APP_NAME = "RAG evaluation run on existing data"
APP_VERSION = "V1"

test_app = TestApp(snowflake_table_name="YOUR_TABLE_NAME")

tru_app = TruApp(
    test_app,
    app_name=APP_NAME,
    app_version=APP_VERSION,
    connector=sf_connector,
    main_method=test_app.query,
)

## Add runs to agent

In [None]:
from trulens.core.run import Run
from trulens.core.run import RunConfig

run_name = f"test_virtual_run_{uuid.uuid4()}"

run_config = RunConfig(
    run_name=run_name,
    dataset_name="VIRTUAL_RUN_TEST",
    source_type="TABLE",
    dataset_spec={
        "RECORD_ROOT.INPUT": "QUERY_STRING",  # column name "QUERY_STRING" is case sensitive
    },
)

run: Run = tru_app.add_run(run_config=run_config)

In [None]:
run.start()

## Run Status Check
Checks the status of the runs for "INVOCATION_IN_PROGRESS". 

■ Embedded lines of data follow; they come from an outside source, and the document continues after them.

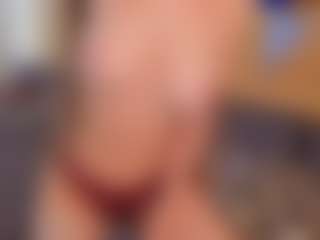 Ancientpeek's Live Sex Cam Show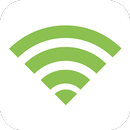 Free WLAN – WiFi Mananger aplikacja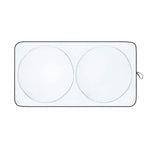 Sunshade White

Note: Metric computation cannot be started until the invocation is in progress. Once the runs' status is changed to "INVOCATION_COMPLETED", metric computation can be triggered.

In [None]:
import time

while run.get_status() == "INVOCATION_IN_PROGRESS":
    time.sleep(1)

In [None]:
run.compute_metrics([
    "answer_relevance",
    "context_relevance",
    "groundedness",
])

## Compute Metrics

Computes the RAG triad metrics for both runs to measure the quality of response in the RAG application.

In [None]:
run.get_status()

## Evaluation Results

To view evaluation results:
* Login to [Snowsight](https://app.snowflake.com/).
* Navigate to **AI & ML** -> **Evaluations** from the left navigation menu.
* Select “RAG evaluation run on existing data” to view the runs, see detailed traces and compare runs.